Tropical Forest Ecology

Author: Egbert Giles Leigh Jr.
Publisher: Oxford University Press
ISBN: 9780195357264
Size: 49.77 MB
Format: PDF, ePub
View: 989
In Tropical Forest Ecology, Egbert G. Leigh, Jr., one of the world's foremost tropical ecologists, introduces readers to the tropical forest and describes the intricate web of interdependence among the great diversity of tropical plants and animals. Focusing on the tropical forest of Barro Colorado Island, Panama, Leigh shows what Barro Colorado can tell us about other tropical forests--and what tropical forests can tell us about Barro Colorado. This book considers three essential questions for understanding the ecological organization of tropical forests. How do they stay green with their abundance of herbivores? Why do they have such a diversity of plants and animals? And what role does mutualism play in the ecology of tropical forests? Beautifully written and abundantly illustrated, Tropical Forest Ecology will certainly appeal to a wide variety of scientists in the fields of evolution, tropical biology, botany, zoology, and natural history.

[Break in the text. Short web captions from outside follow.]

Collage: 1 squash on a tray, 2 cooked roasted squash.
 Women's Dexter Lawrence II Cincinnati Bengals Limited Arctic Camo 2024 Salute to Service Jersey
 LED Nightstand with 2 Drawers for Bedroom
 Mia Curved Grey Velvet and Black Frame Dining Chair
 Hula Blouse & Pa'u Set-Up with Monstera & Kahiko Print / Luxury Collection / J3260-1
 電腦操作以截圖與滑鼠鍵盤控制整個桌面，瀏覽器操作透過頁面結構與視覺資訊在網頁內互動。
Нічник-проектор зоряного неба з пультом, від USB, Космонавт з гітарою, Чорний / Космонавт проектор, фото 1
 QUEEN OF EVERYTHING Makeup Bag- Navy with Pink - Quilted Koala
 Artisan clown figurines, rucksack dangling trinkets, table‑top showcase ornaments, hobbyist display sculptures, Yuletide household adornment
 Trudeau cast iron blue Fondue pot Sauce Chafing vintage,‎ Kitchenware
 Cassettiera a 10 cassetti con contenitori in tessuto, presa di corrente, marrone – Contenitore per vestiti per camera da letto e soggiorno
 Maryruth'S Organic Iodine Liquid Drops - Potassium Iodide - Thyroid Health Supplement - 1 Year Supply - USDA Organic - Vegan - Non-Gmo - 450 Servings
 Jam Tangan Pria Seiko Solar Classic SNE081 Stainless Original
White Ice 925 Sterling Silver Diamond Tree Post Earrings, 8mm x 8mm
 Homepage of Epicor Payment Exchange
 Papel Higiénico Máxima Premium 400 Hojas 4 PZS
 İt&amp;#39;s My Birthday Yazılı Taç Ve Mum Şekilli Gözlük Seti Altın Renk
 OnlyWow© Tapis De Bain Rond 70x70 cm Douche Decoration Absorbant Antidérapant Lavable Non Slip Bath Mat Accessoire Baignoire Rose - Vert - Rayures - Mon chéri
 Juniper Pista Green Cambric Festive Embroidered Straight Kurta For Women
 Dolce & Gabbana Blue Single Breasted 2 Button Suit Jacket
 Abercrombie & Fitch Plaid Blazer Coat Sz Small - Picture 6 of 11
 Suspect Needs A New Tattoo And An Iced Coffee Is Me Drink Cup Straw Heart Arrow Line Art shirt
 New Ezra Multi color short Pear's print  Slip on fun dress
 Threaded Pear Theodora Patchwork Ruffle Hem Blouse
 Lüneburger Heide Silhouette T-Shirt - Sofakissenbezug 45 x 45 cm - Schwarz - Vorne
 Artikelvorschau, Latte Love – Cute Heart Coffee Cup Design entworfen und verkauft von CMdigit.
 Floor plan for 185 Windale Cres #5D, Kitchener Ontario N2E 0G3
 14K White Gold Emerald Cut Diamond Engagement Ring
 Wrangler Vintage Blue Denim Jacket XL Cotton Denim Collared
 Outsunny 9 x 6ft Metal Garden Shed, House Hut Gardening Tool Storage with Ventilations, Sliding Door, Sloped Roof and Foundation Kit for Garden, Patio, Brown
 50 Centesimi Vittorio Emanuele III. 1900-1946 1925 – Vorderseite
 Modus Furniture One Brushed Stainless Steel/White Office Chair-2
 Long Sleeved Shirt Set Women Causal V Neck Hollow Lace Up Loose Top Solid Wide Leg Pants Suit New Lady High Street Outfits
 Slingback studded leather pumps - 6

Tropical Rain Forest Ecosystems

Author: H. Lieth
Publisher: Elsevier
ISBN: 0444596496
Size: 56.54 MB
Format: PDF, Mobi
View: 7768
After publication of the first volume of the Tropical Rain Forest, the International Journal of Mycology and Lichenology commented ``This is a welcome addition to the literature on the ecology of tropical rain forests. The book provides a wealth of data and stimulating discussions and is of great interest to ecologists interested in tropical areas.'' Whereas the first volume dealt with system-ecological aspects such as community organization and processes, the present volume concentrates on biogeographical aspects such as species composition, diversity, and geographical variation. Recent ecological research in the tropical rain forest has greatly extended our understanding of biogeographical patterns of variation in the various groups of organisms, and has revealed many of the ecological and evolutionary forces that led to the present patterns of variation. Many important systems of co-evolution between the tropical rain forest ecosystems have also come to light, and the loss of species and related damage is better understood in quantitative terms. This volume presents a comprehensive review of these and other features of the rain forest ecosystem structure, and the ecological processes operating that system. General chapters on abiotic and biotic factors are followed by specific chapters on all major groups of organisms. Prospects for the future are discussed and research needs clearly stated. Also the human exploitation of the system, its effects and its limits are discussed. The book is extensively illustrated by photographs, graphs, and tables, and comprehensive bibliographies follow each chapter. Author, systematic and subject indices complete the book. It is a must for all ecologists, agriculturists, foresters, agronomists, hydrologists, soil scientists, entomologists, human ecologists, nature conservationists, and planners dealing with tropical areas. Biologists and environmentalists will also find the volume of great interest.

Tropical Ecology

Author: John Kricher
Publisher: Princeton University Press
ISBN: 9781400838950
Size: 61.76 MB
Format: PDF, Docs
View: 5020
This full-color illustrated textbook offers the first comprehensive introduction to all major aspects of tropical ecology. It explains why the world's tropical rain forests are so universally rich in species, what factors may contribute to high species richness, how nutrient cycles affect rain forest ecology, and how ecologists investigate the complex interrelationships among flora and fauna. It covers tropical montane ecology, riverine ecosystems, savanna, dry forest--and more. Tropical Ecology begins with a historical overview followed by a sweeping discussion of biogeography and evolution, and then introduces students to the unique and complex structure of tropical rain forests. Other topics include the processes that influence everything from species richness to rates of photosynthesis: how global climate change may affect rain forest characteristics and function; how fragmentation of ecosystems affects species richness and ecological processes; human ecology in the tropics; biodiversity; and conservation of tropical ecosystems and species. Drawing on real-world examples taken from actual research, Tropical Ecology is the best textbook on the subject for advanced undergraduates and graduate students. Offers the first comprehensive introduction to tropical ecology Describes all the major kinds of tropical terrestrial ecosystems Explains species diversity, evolutionary processes, and coevolutionary interactions Features numerous color illustrations and examples from actual research Covers global warming, deforestation, reforestation, fragmentation, and conservation The essential textbook for advanced undergraduates and graduate students Suitable for courses with a field component Leading universities that have adopted this book include: Biola University Bucknell University California State University, Fullerton Colorado State University - Fort Collins Francis Marion University Michigan State University Middlebury College Northern Kentucky University Ohio Wesleyan University St. Mary's College of Maryland Syracuse University Tulane University University of California, Santa Cruz University of Central Florida University of Cincinnati University of Florida University of Missouri University of New Mexico University of North Carolina at Chapel Hill University of the West Indies Some images inside the book are unavailable due to digital copyright restrictions.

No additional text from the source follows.